For stewardship resources, check out Crown Financial Ministries or Compass - Finances God's Way or Financial Peace. For generosity-specific resources, consider our Plastic Donuts materials at www.AcceptableGift.org

For many couples, a budget coach or counselor may be helpful to press into some of the more difficult areas. Often financial stress and difficult circumstances stand in the way and require a third party help to resolve.

For a couple to advance together in the giving journey there must be togetherness in the financial journey.  

#5 - Connect on God's Blessings

A Christian couple should regularly count their blessings. This stirs up a heart of gratitude together. And gratitude (not guilt) is the wellspring for generosity.  

Often we don't take time to count our blessings. Instead we focus on our problems. But there will always be challenges in our lives…and in the world. Remind each other of what God has done for you - not what has happened to you. Remind each other of what you have been given - not what you are lacking.

My wife and I see-saw together on this. When I am gloomy, she counts our blessings for me and helps me perk up.

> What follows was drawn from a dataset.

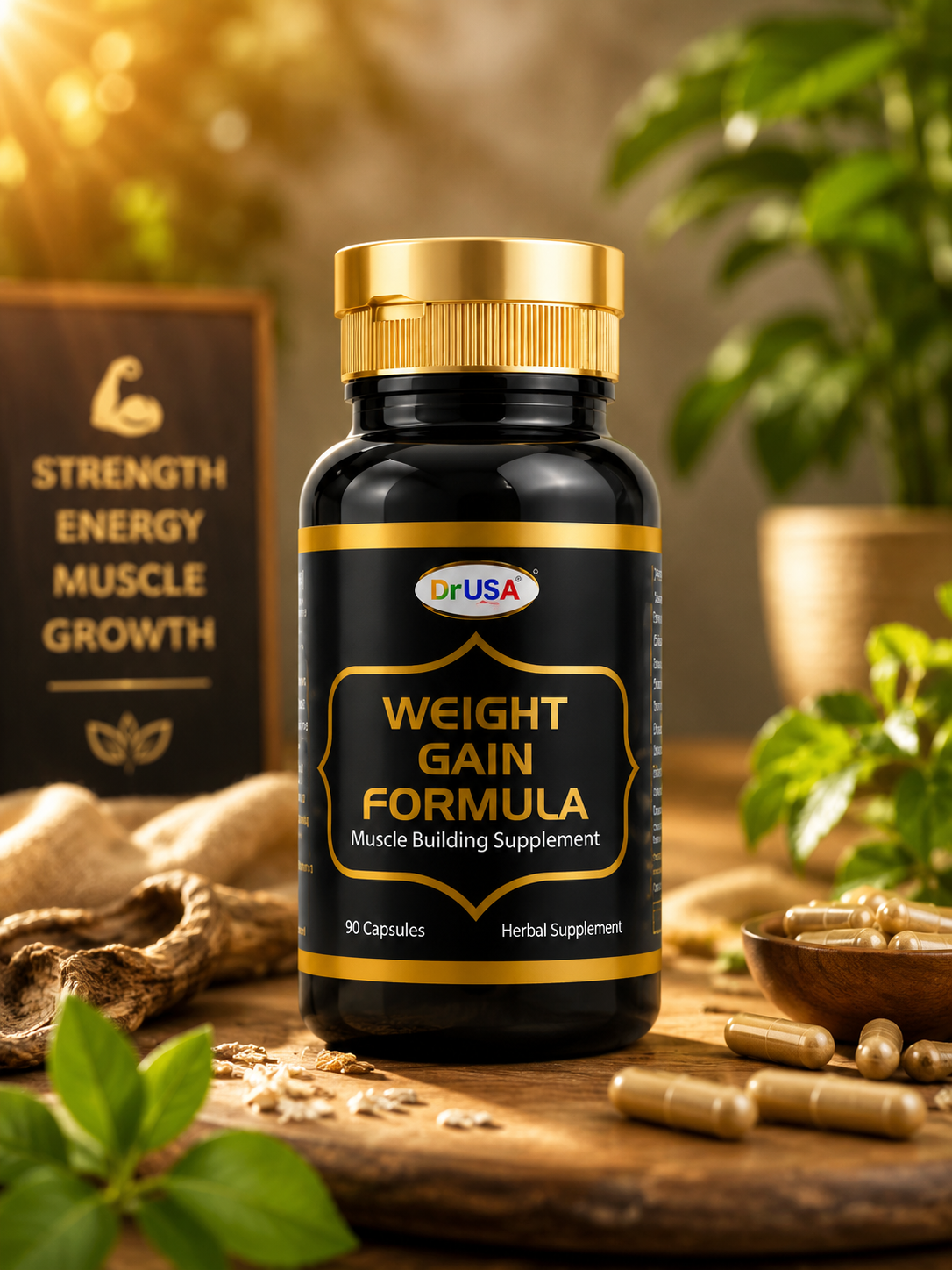Dr USA Weight Gain Formula Capsules | Herbal Muscle Building Supplement 90 Capsules - Image 2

When she's in the dumps, I talk about the big picture and pull her up. That's the power of a couple working together. When news reports blare the world’s problems, we take the time to reflect on our blessings – after all, we have food, water, shelter, and the means for me to type this article on a laptop. 

A spirit of gratitude can be learned. Encourage each other in these areas.

Also, be sure to celebrate the milestones in your marriage and your shared spiritual journey. How did God bring you together? Reflect on that story. How has God enriched your marriage? Circle back to those events.  

Connect on God's blessings regularly and generosity will grow in your soul… and into your conversations together.

Healthy Connecting Leads to Acceptable Giving - and Living

Connect as a couple. Connect in worship. Connect spiritually. Connect financially. And connect with God's blessings in your life. When you connect as a couple in these areas, your marriage will be fruitful. And generosity will flow out from your marriage partnership.

God will notice. And God will be pleased. He will find your gifts acceptable… and your marriage acceptable, too.